Entries provided:
····················
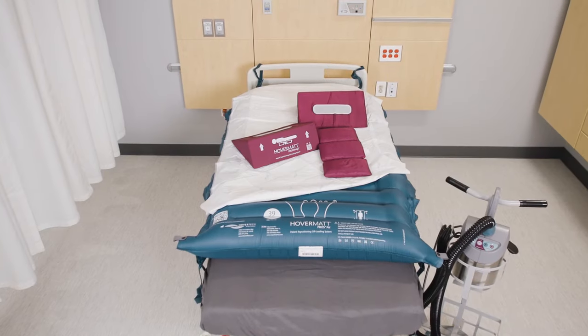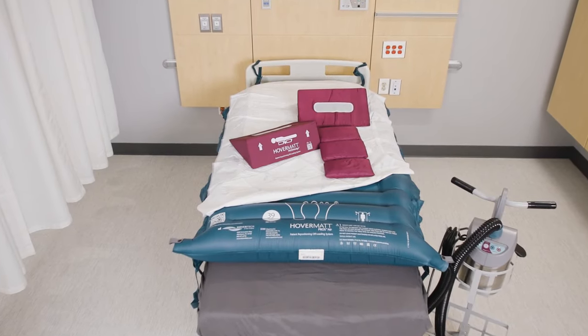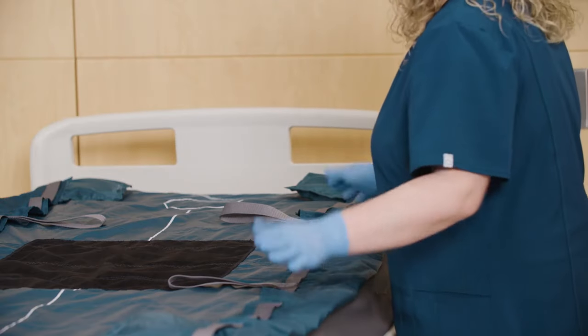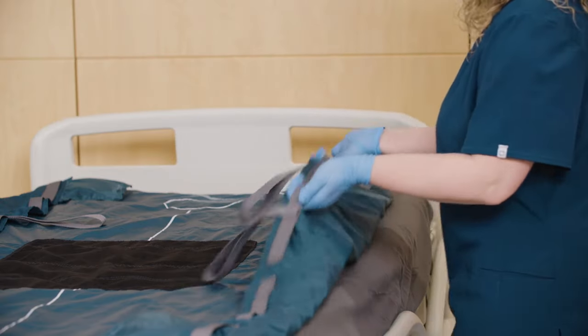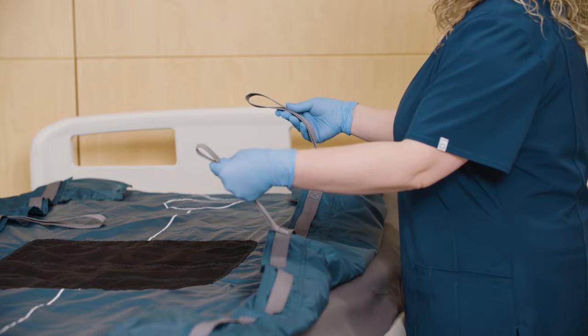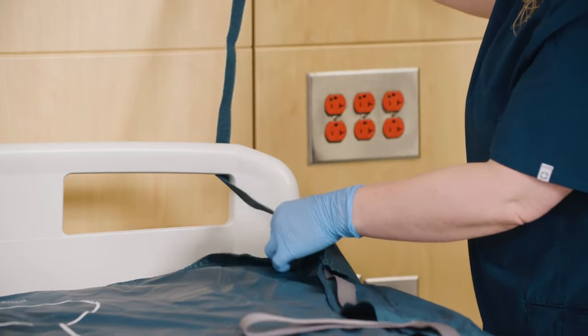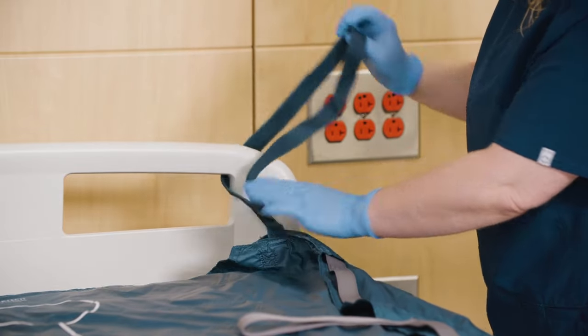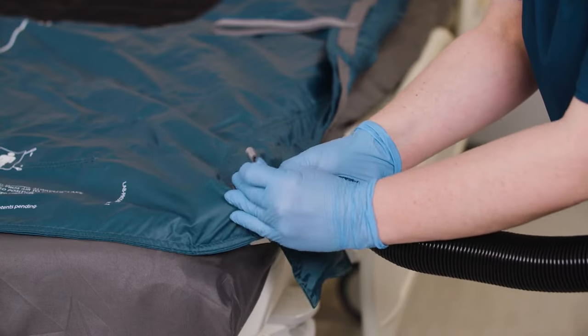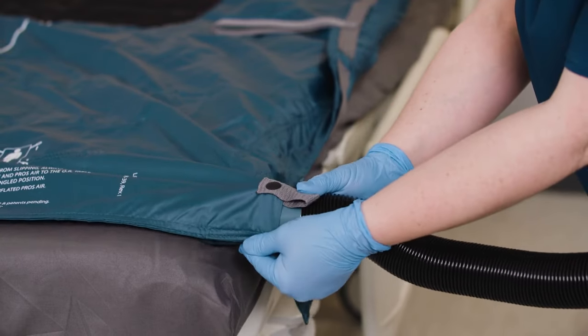The HoverMap Pro's AIR is a full-length, air-assisted mat that has a wipeable surface. There are handles down the length of the mat for ease of use and two turning straps on each side that can also be utilized with a lift for turning. There are four link straps located on each corner to reduce mat migration. The two air intake valves are located at the foot end of the mat, one on each side for easy access.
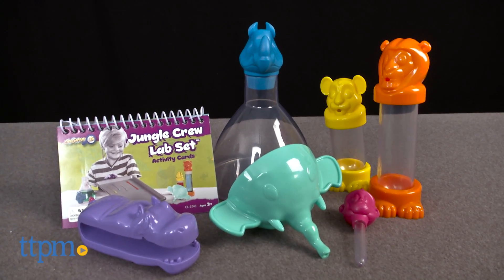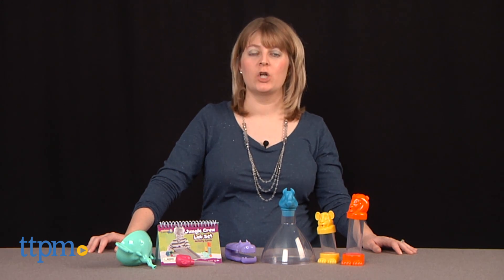Introduce preschoolers to hands-on science play. Hi, I'm Laurie from TTPM, here with the animal-themed GeoSafari Jr. Jungle Crew Lab Set from Educational Insights.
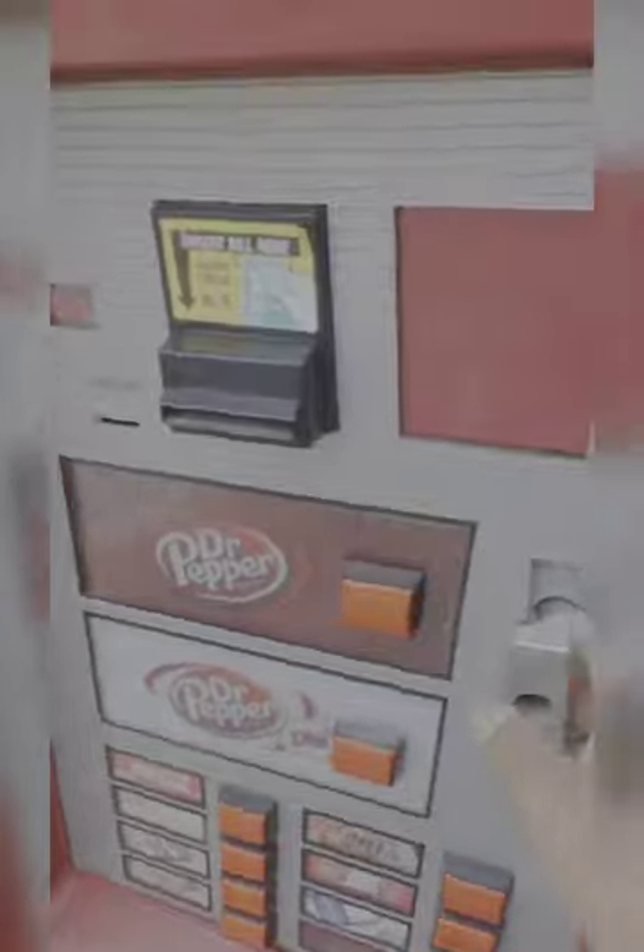We're gonna do a motor test and a price change on a Dixie Narco 501e — this machine right here. Open it up and go over here to where the circuit board is.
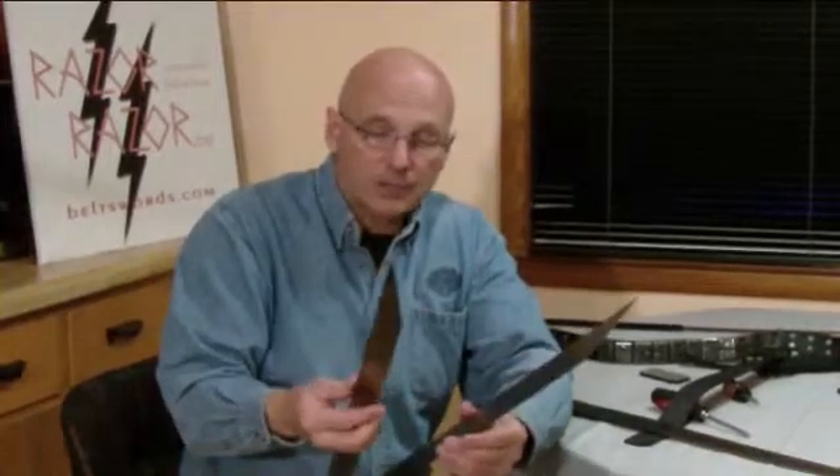We take a special liquid grease, which actually you can find at any store — it's a sticky grease — and we coat the blades, we put them together. Once they're together, you can't separate them. If you try to take your fingernail and break them apart, you'll break your fingernail.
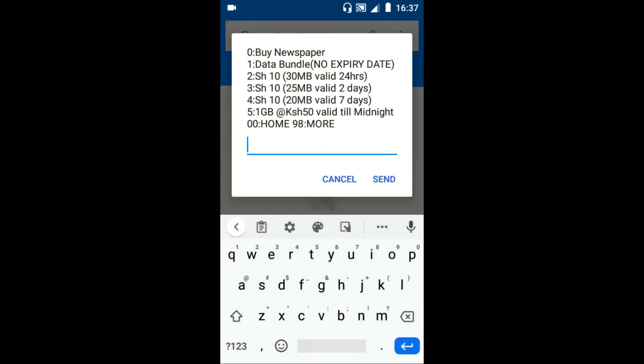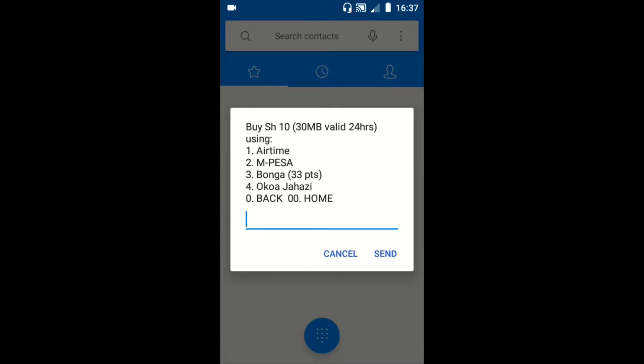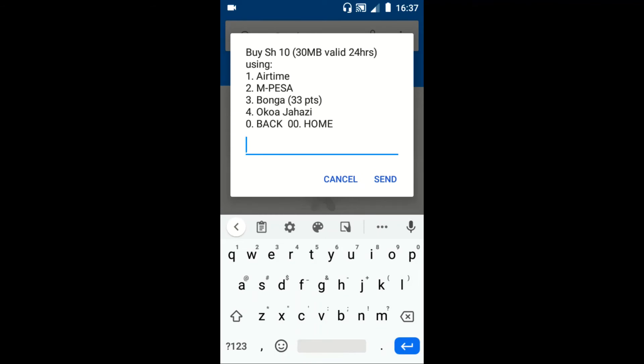Select option 2. This gives you 30 shillings worth of Tunukiwa internet valid for 24 hours. Then to pay for the bundle using bonus points, just reply with option 3.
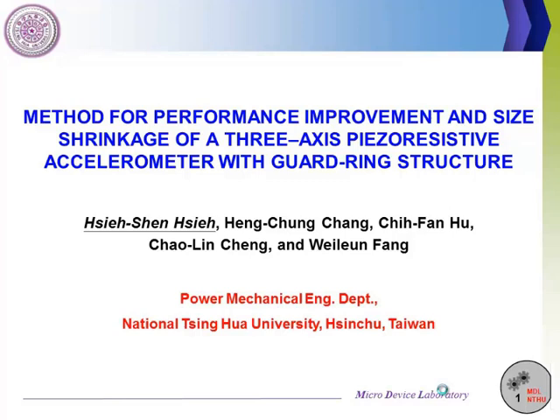Thank you, Chairman, for the kind introduction. Good morning everyone. My name is Xie Shen Xie. Today my presentation is on a method for performance improvement and size shrinkage of a 3-axis MEMS resistive accelerometer with guiding structure.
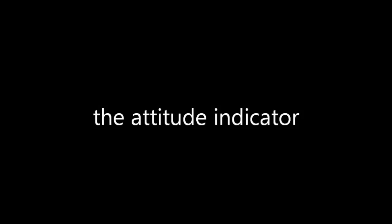The Attitude Indicator: A Kerbal Space Program Tutorial.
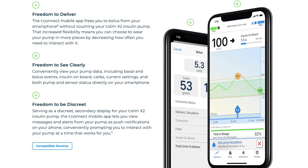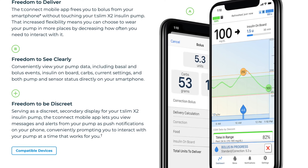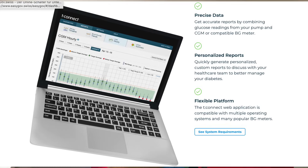In many countries the pump also comes with the T-Connect app, but this app is mainly good for viewing data from your pump on your phone. You can't really control the pump from the phone — except in the US where you can bolus from your phone using the T-Connect app. You can also use T-Connect on your computer to wirelessly download pump data and share it with your medical professional.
····················
What you will do: Apart from the pictures, repeat every entry exactly.

Response for this exercise:
The HoverMap Pro's AIR is a full-length, air-assisted mat that has a wipeable surface. There are handles down the length of the mat for ease of use and two turning straps on each side that can also be utilized with a lift for turning. There are four link straps located on each corner to reduce mat migration. The two air intake valves are located at the foot end of the mat, one on each side for easy access.
Introduce preschoolers to hands-on science play. Hi, I'm Laurie from TTPM, here with the animal-themed GeoSafari Jr. Jungle Crew Lab Set from Educational Insights.
We're gonna do a motor test and a price change on a Dixie Narco 501e — this machine right here. Open it up and go over here to where the circuit board is.
We take a special liquid grease, which actually you can find at any store — it's a sticky grease — and we coat the blades, we put them together. Once they're together, you can't separate them. If you try to take your fingernail and break them apart, you'll break your fingernail.
Select option 2. This gives you 30 shillings worth of Tunukiwa internet valid for 24 hours. Then to pay for the bundle using bonus points, just reply with option 3.
Thank you, Chairman, for the kind introduction. Good morning everyone. My name is Xie Shen Xie. Today my presentation is on a method for performance improvement and size shrinkage of a 3-axis MEMS resistive accelerometer with guiding structure.
The Attitude Indicator: A Kerbal Space Program Tutorial.
In many countries the pump also comes with the T-Connect app, but this app is mainly good for viewing data from your pump on your phone. You can't really control the pump from the phone — except in the US where you can bolus from your phone using the T-Connect app. You can also use T-Connect on your computer to wirelessly download pump data and share it with your medical professional.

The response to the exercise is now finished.